**Problem details:**
Could you repeat the records below exactly, leaving the pictures out?

····················

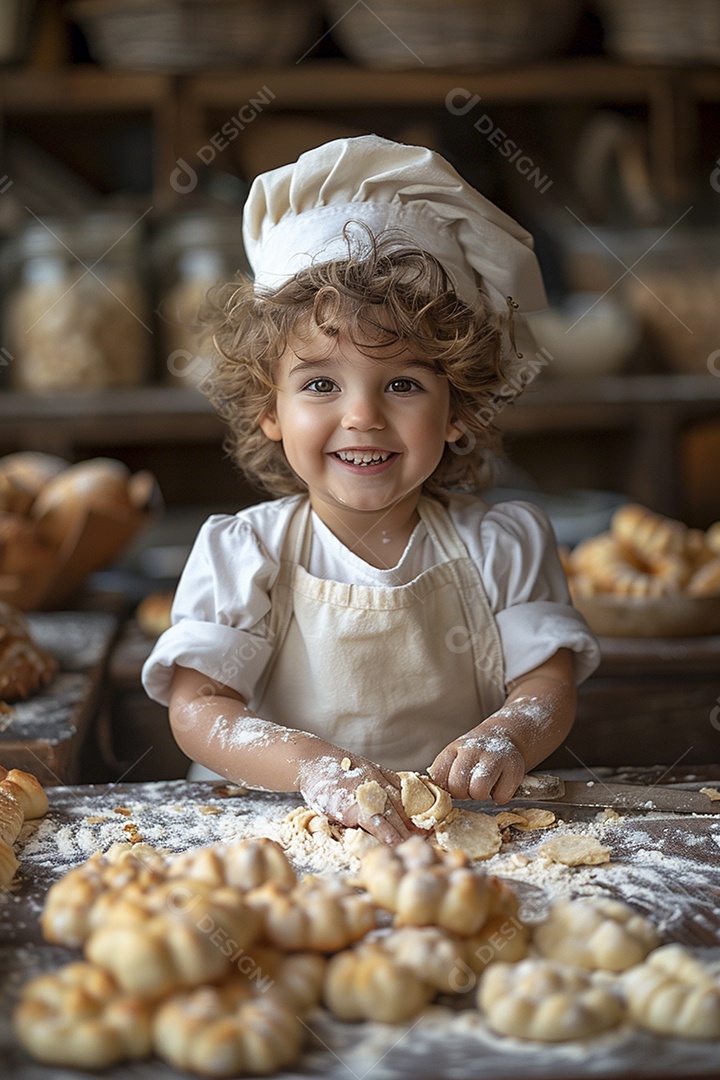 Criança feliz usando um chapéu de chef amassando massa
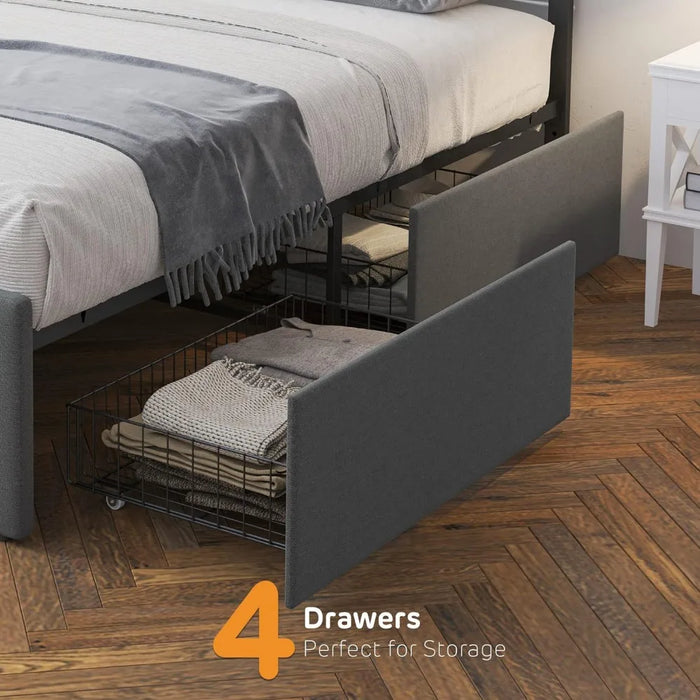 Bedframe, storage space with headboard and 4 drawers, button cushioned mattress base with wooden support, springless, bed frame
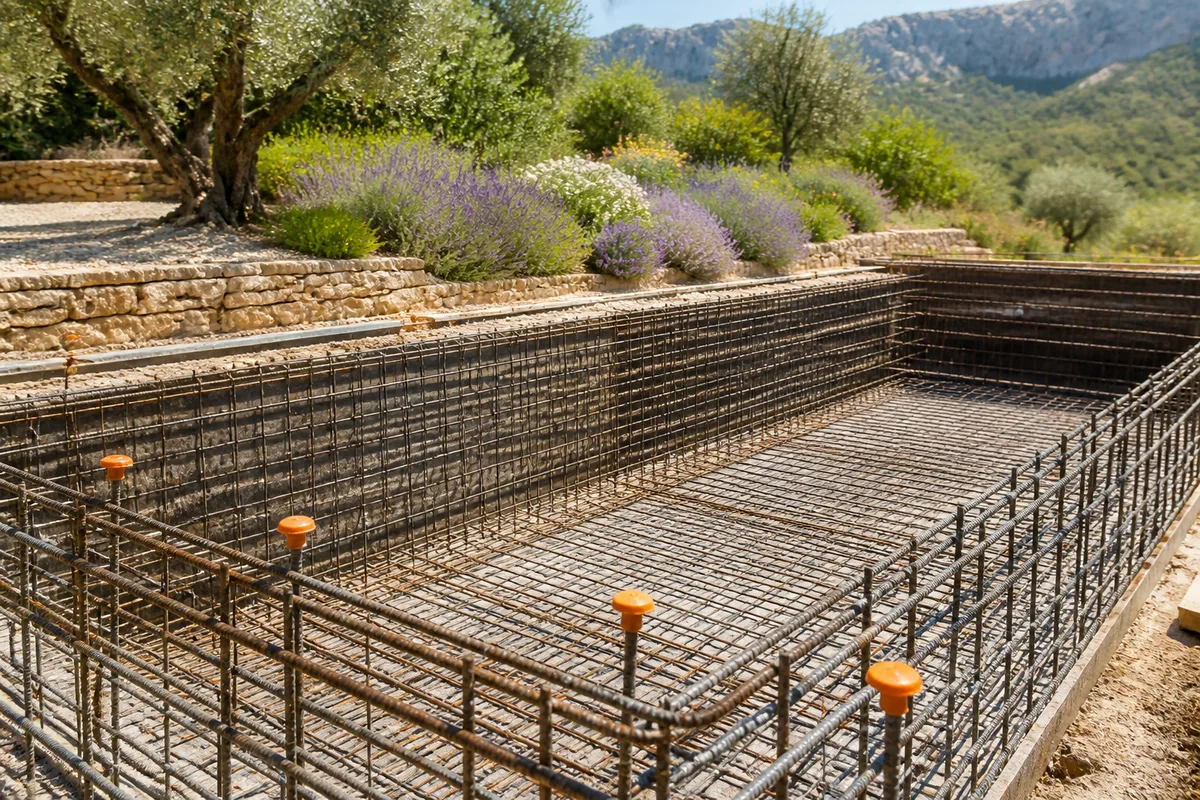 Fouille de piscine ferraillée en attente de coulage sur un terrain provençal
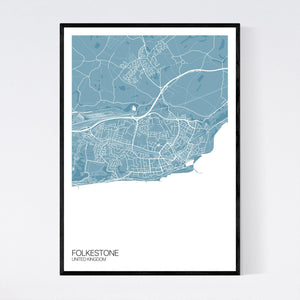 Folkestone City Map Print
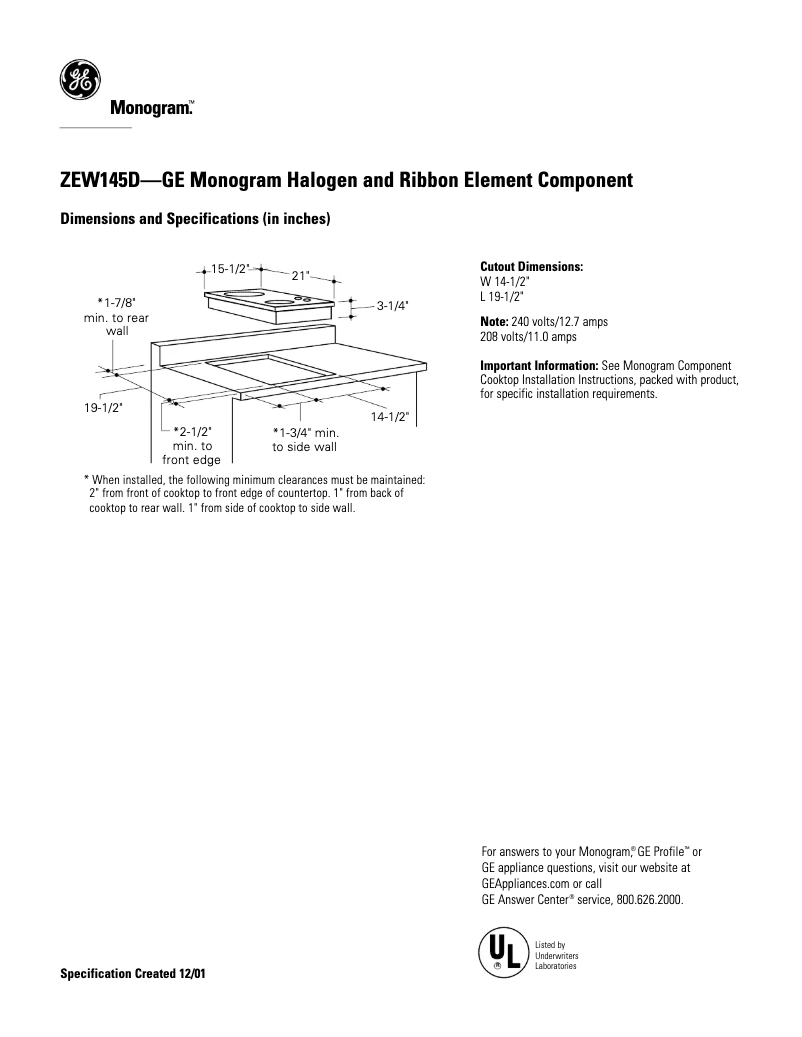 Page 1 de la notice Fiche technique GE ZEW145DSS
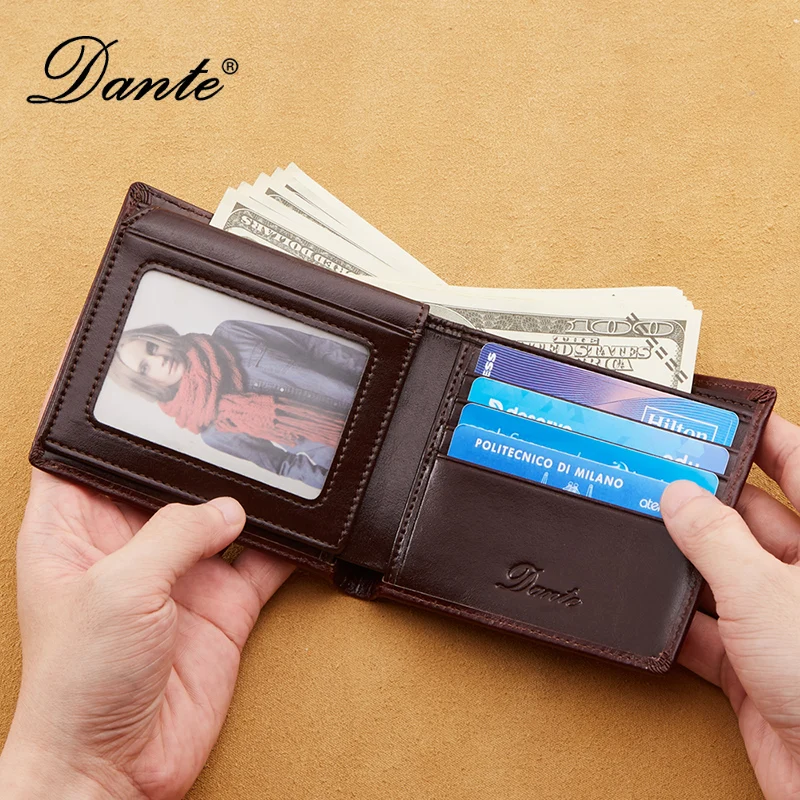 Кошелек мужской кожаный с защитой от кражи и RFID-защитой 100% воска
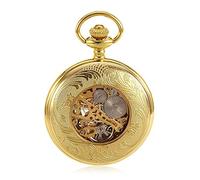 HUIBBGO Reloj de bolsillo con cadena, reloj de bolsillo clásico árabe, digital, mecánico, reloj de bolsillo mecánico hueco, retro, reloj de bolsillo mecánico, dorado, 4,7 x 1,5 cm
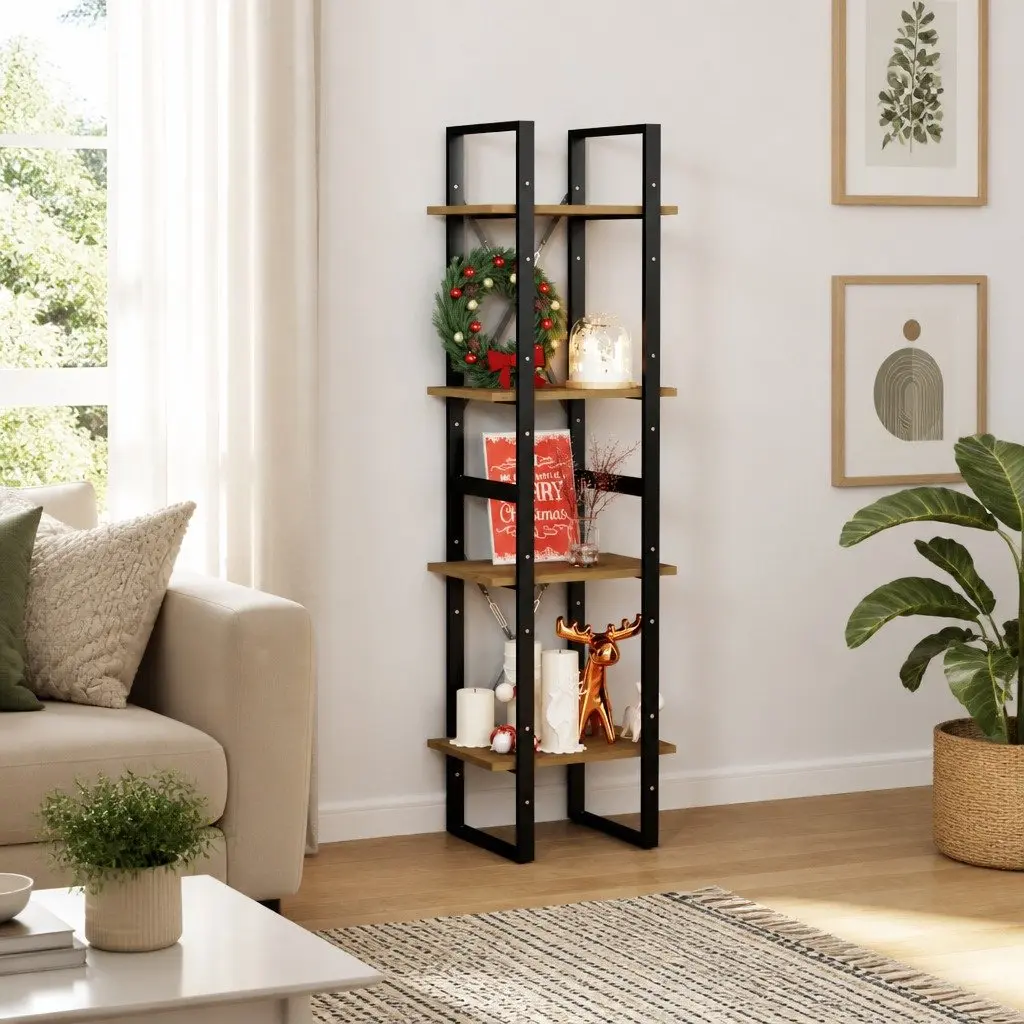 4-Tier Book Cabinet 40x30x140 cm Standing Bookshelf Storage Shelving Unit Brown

····················

**Response below:**
 Criança feliz usando um chapéu de chef amassando massa
 Bedframe, storage space with headboard and 4 drawers, button cushioned mattress base with wooden support, springless, bed frame
 Fouille de piscine ferraillée en attente de coulage sur un terrain provençal
 Folkestone City Map Print
 Page 1 de la notice Fiche technique GE ZEW145DSS
 Кошелек мужской кожаный с защитой от кражи и RFID-защитой 100% воска
 HUIBBGO Reloj de bolsillo con cadena, reloj de bolsillo clásico árabe, digital, mecánico, reloj de bolsillo mecánico hueco, retro, reloj de bolsillo mecánico, dorado, 4,7 x 1,5 cm
 4-Tier Book Cabinet 40x30x140 cm Standing Bookshelf Storage Shelving Unit Brown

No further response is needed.